Start of Block
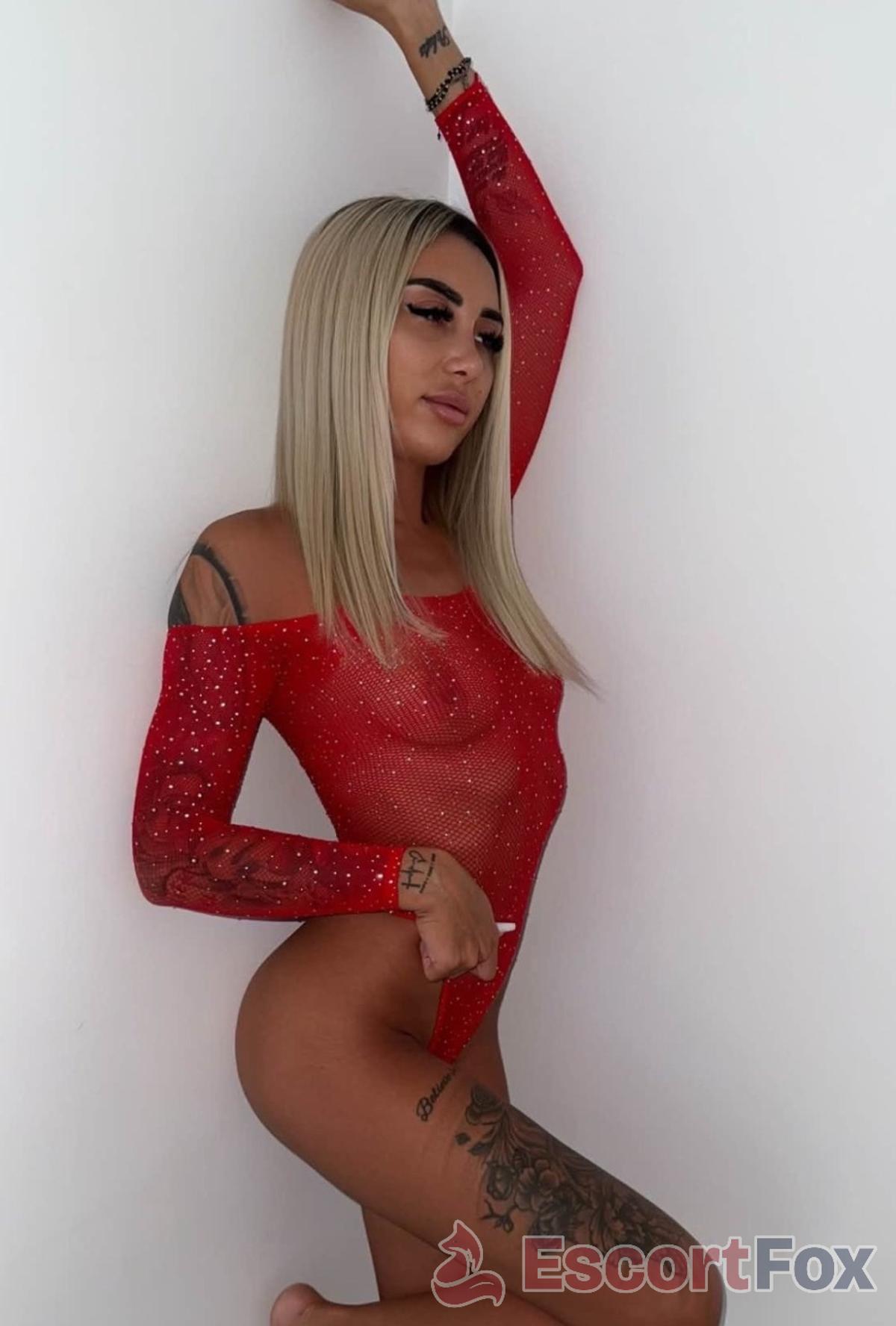 Maya — Escort in Pula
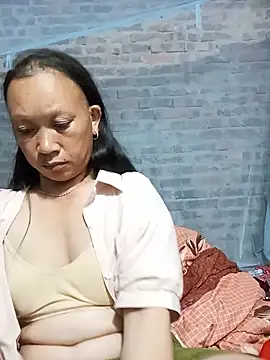 Linda-04 webcam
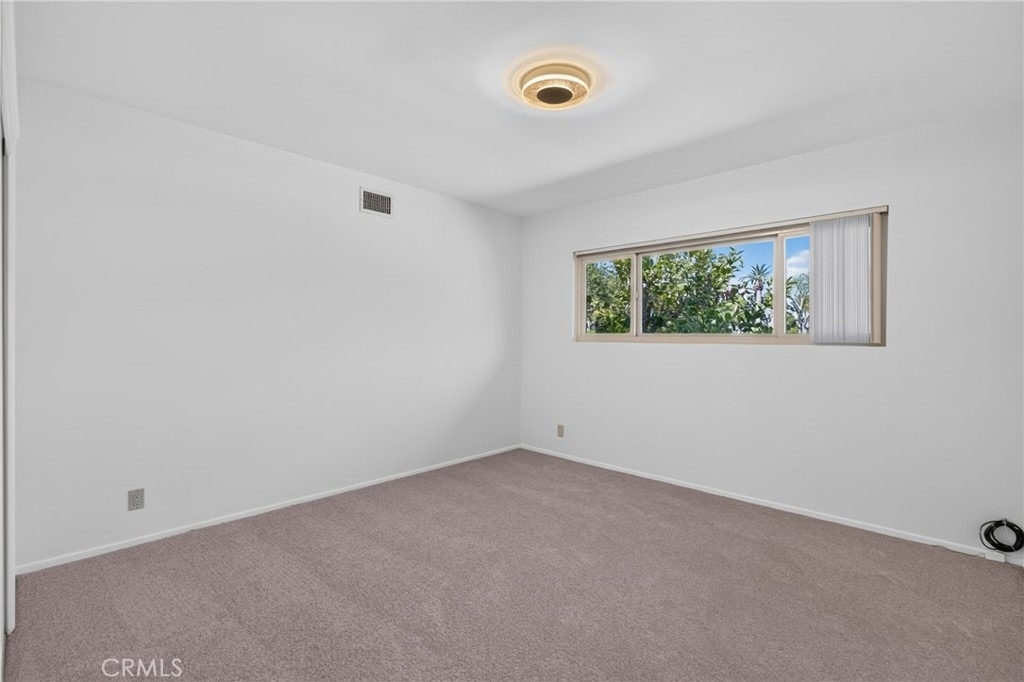 10401 Wystone Avenue - Photo 37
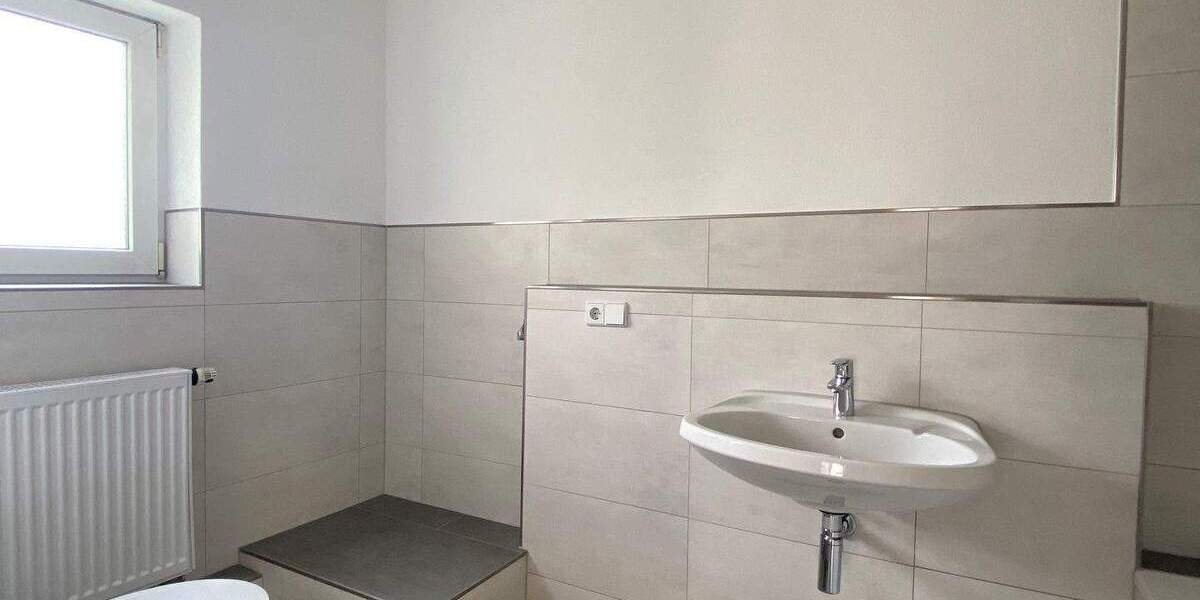 Etagenwohnung Magdeburg Cracau - 3 Zimmer, 75 m&sup2;, 960&euro; | Angebot:25689621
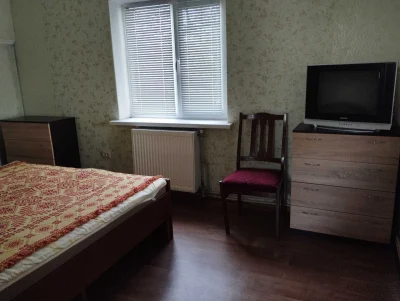 метро Бориспольская. Сдам 2 ком. квартиру ул. Демидовская, Б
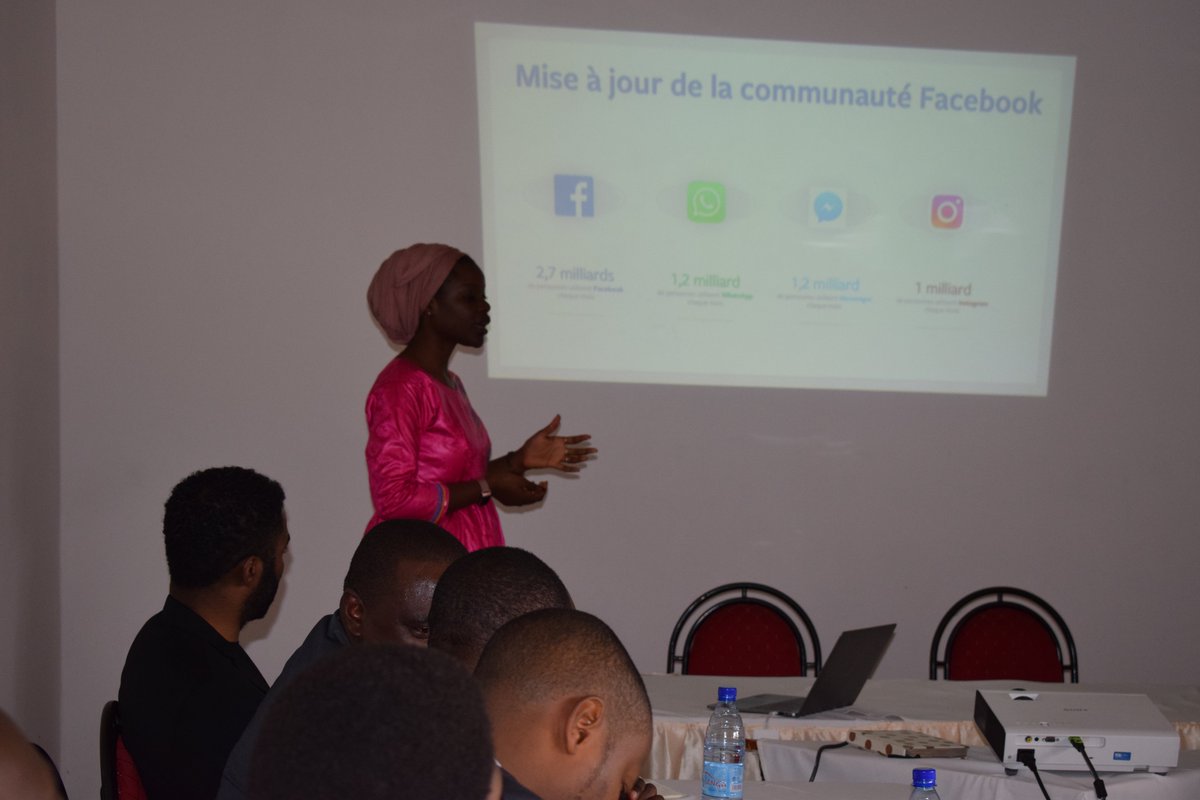 ARCTBDI's tweet photo. #Burundi Selon @andiaye_, par communauté @facebook, il faut entendre ses 4 plateformes de communication dont @facebook (2.1Milliards d'utilisateurs), @WhatsApp (1.2Milliard), @instagram (1Milliard) et #Messenger (1.2Milliard). @DonaMANIRAMPA @willynyamitwe @NtareHouse @YBurundi https://t.co/HIRKpimqXc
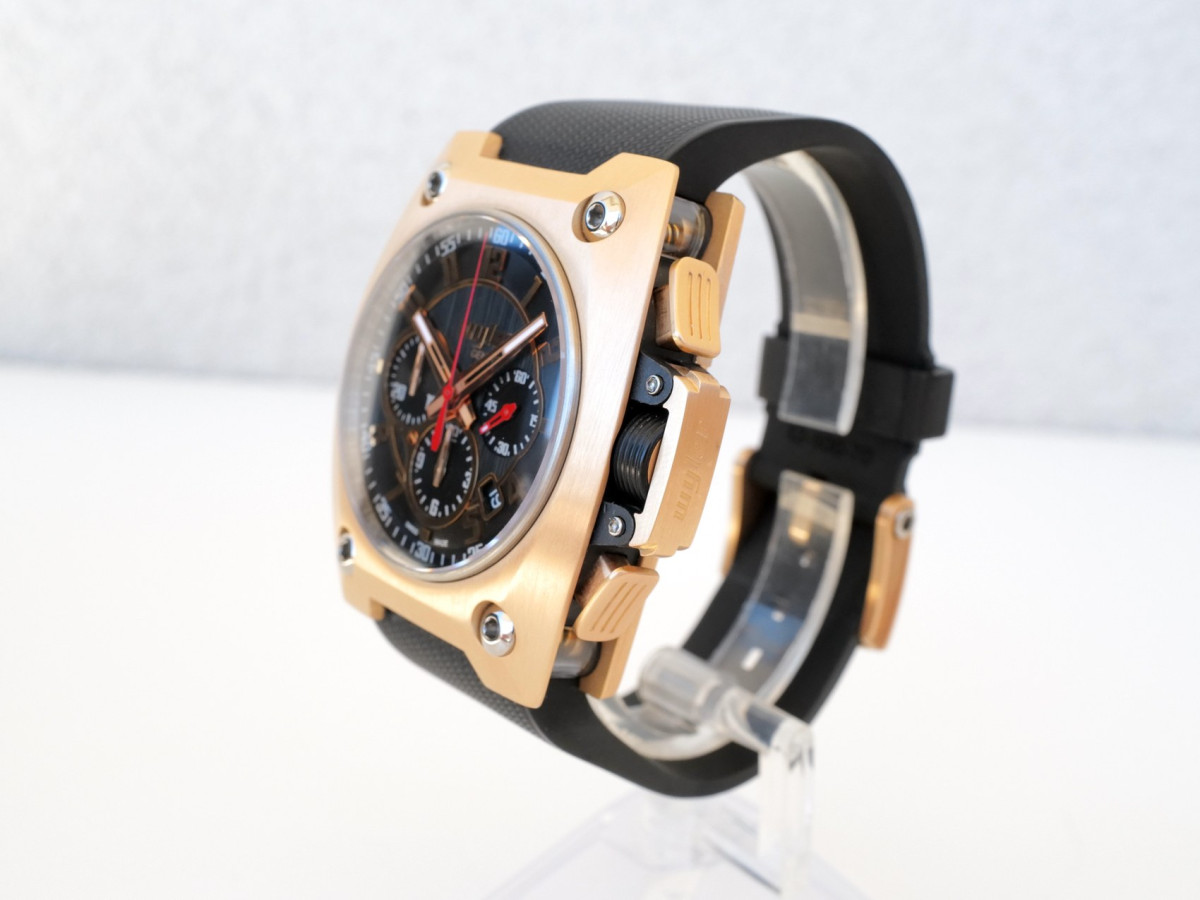 Швейцарские часы Wyler Geneve Code R Chronograph 18k Rose Gold Limited Edition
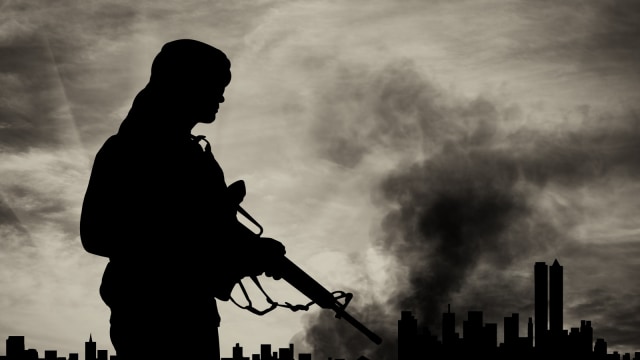 Baku Tembak dengan Teroris MIT di Poso, Seorang Polisi Tertembak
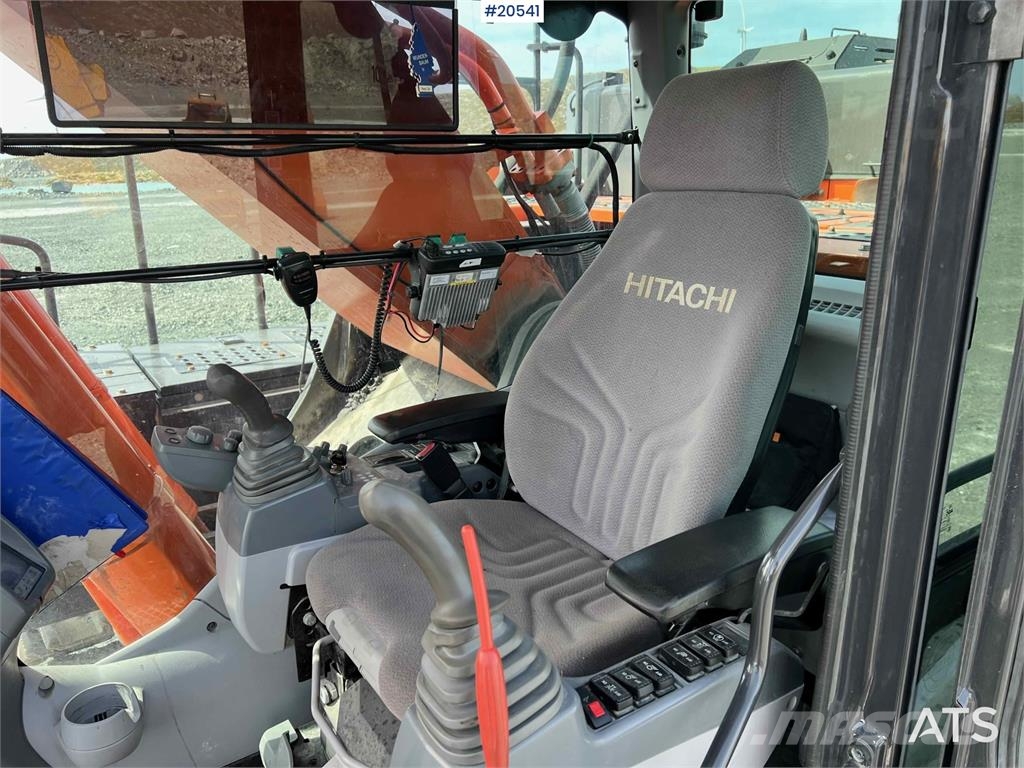 Hitachi zx530LCH-6 excavator w/ bucket. WATCH VIDEO, 2018, Sogn og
End of Block
Give back an exact copy of only the lines from the one with "10401 Wystone Avenue - Photo 37" through the final line of the material, both included. Pictures do not belong in it.

▸ Result:
 10401 Wystone Avenue - Photo 37
 Etagenwohnung Magdeburg Cracau - 3 Zimmer, 75 m&sup2;, 960&euro; | Angebot:25689621
 метро Бориспольская. Сдам 2 ком. квартиру ул. Демидовская, Б
 ARCTBDI's tweet photo. #Burundi Selon @andiaye_, par communauté @facebook, il faut entendre ses 4 plateformes de communication dont @facebook (2.1Milliards d'utilisateurs), @WhatsApp (1.2Milliard), @instagram (1Milliard) et #Messenger (1.2Milliard). @DonaMANIRAMPA @willynyamitwe @NtareHouse @YBurundi https://t.co/HIRKpimqXc
 Швейцарские часы Wyler Geneve Code R Chronograph 18k Rose Gold Limited Edition
 Baku Tembak dengan Teroris MIT di Poso, Seorang Polisi Tertembak
 Hitachi zx530LCH-6 excavator w/ bucket. WATCH VIDEO, 2018, Sogn og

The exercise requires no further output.